It’s clear from the movie that the London concerts were conceived as a very grand series of onstage music videos, each with a huge, intricate set that at times involved digital projections, and each choreographed as a disco-inferno Broadway showstopper. (”Thriller,” one of the few songs we watch as it was meant to be, had a full earth-packed graveyard.) The dancers were going to pop out from beneath the stage and crawl over skyscrapers, as Michael shimmied and boogied and got lifted into the air. Watching this without most of the sets, with the gears and pulleys still showing, and from two functional camera angles in front of the stage, we get the flavor of the songs but not the majesty.

And that’s not just due to the lack of trappings. Jackson, it’s clear, held back in rehearsal. In This Is It, he’s singing and dancing, but he’s also watching himself sing and dance, stepping out of his performance. What’s missing — what the film gives you only a tantalizing glimpse of — is his ferocity. When he does a tamped-down version of his solo whirligig in ”Billie Jean,” playing air guitar on his crotch (a gesture that elicits a round of cheers from the dancers in the Staples Center), you feel him sketching in the heat without quite committing himself. ”At least we get a feel of it,” he says.

This Is It is fun, but it’s a slightly airless experience. If the movie allows you to bask in Michael Jackson’s aura, it also uses his image to foster ”nostalgia” for a concert epiphany that never quite was. Maybe it was Michael’s destiny to leave us all wanting more. Would those concerts have returned him to his magical pedestal? We’ll never know the answer, of course. But watching this movie, at least we get a feel of it.

Source: ew. com

Review 4: Michael Jackson’s This Is It

“This Is it,” Michael Jackson told his fans in London, announcing his forthcoming concert tour. “This is the final curtain call.” The curtain fell sooner than expected. What is left is this extraordinary documentary, nothing at all like what I was expecting to see. Here is not a sick and drugged man forcing himself through grueling rehearsals, but a spirit embodied by music. Michael Jackson was something else.

The film has been assembled from rehearsals from April through June 2009 for a concert tour scheduled for this summer. The footage was “captured by a few cameras,” an opening screen tells us, but they were professional high-def cameras and the sound track is full-range stereo. The result is one of the most revealing music documentaries I’ve seen.

And it’s more than that. It’s a portrait of Michael Jackson that belies all the rumors that he would have been too weak to tour. That shows not the slightest trace of a spoiled prima donna. That benefits from the limited number of cameras by allowing us to experience his work in something closer to realistic time, instead of fracturing it into quick cuts. That provides both a good idea of what the final concert would have looked like, and a portrait of the artist at work.

Never raising his voice, never showing anger, always soft-spoken and courteous to his cast and crew, Michael with his director, Kenny Ortega, micro-manages the production. He corrects timing, refines cues, talks about details of music and dance.
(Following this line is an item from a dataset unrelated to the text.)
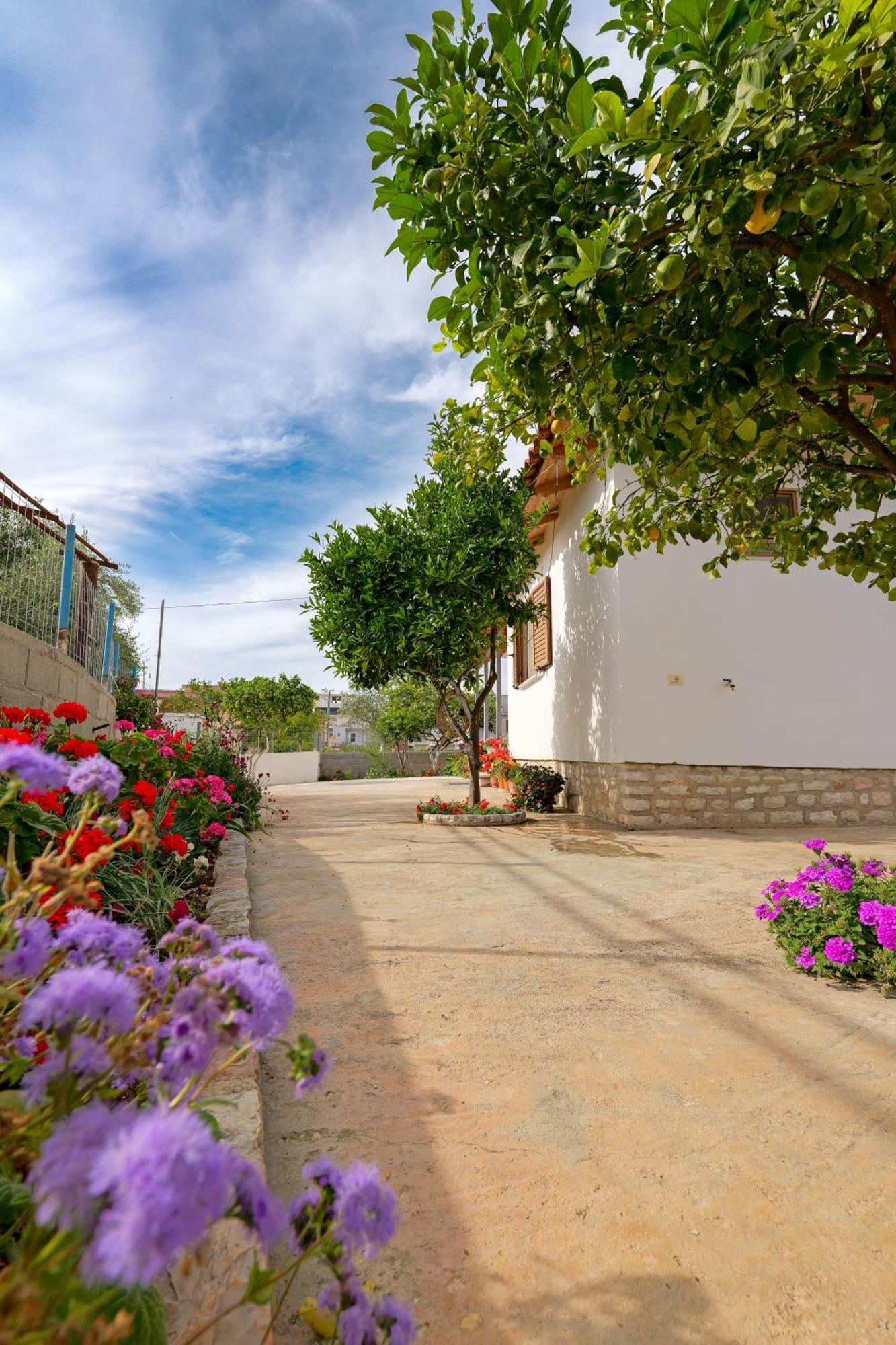 Brahimi Guest House Ksamil Luaran gambar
Seeing him always from a distance, I thought of him as the instrument of his producing operation. Here we see that he was the auteur of his shows.

We know now that Michael was subjected to a cocktail of drugs in the time leading up to his fatal overdose, including the last straw, a drug so dangerous it should only be administered by an anesthesiologist in an operating room. That knowledge makes it hard to understand how he appears to be in superb physical condition. His choreography, built from such precise, abrupt and perfectly-timed movements, is exhausting, but he never shows a sign of tiring. His movements are so well synchronized with the other dancers on stage, who are much younger and highly-trained, that he seems one with them. This is a man in such command of his physical instrument that he makes spinning in place seem as natural as blinking his eye.
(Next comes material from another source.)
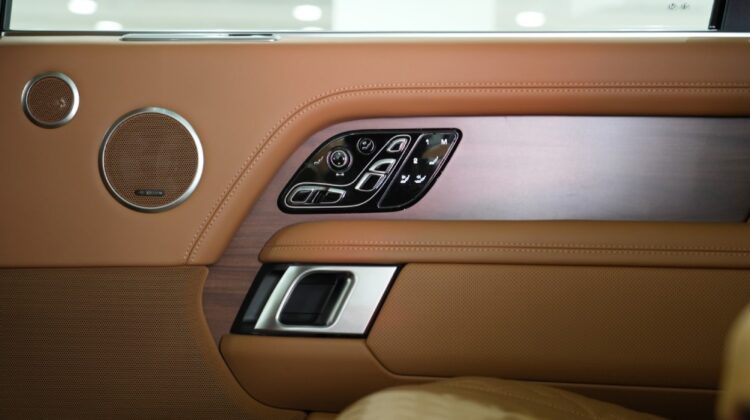 RANGE ROVER SV AUTOBIOGRAPHY LWB SV Bespoke Edition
He has always been a dancer first, and then a singer. He doesn’t specialize in solos. With the exception of a sweet love ballad, his songs all incorporate four backup singers and probably supplementary tracks prerecorded by himself. It is the whole effect he has in mind.

It might have been a hell of a show. Ortega and special effects wizards coordinate pre-filmed sequences with the stage work. There’s a horror-movie sequence with ghouls rising from a cemetery (and ghosts that were planned to fly above the audience). Michael is inserted into scenes from Rita Hayworth and Humphrey Bogart movies, and through clever f/x even has a machine-gun battle with Bogie. His environmental pitch is backed by rain forest footage. He rides a cherry-picker high above the audience.

His audience in this case consists entirely of stagehands, gaffers, technicians, and so on. These are working people who have seen it all. They love him. They’re not pretending. They love him for his music, and perhaps even more for his attitude. Big stars in rehearsal are not infrequently pains in the ass. Michael plunges in with the spirit of a co-worker, prepared to do the job and go the distance.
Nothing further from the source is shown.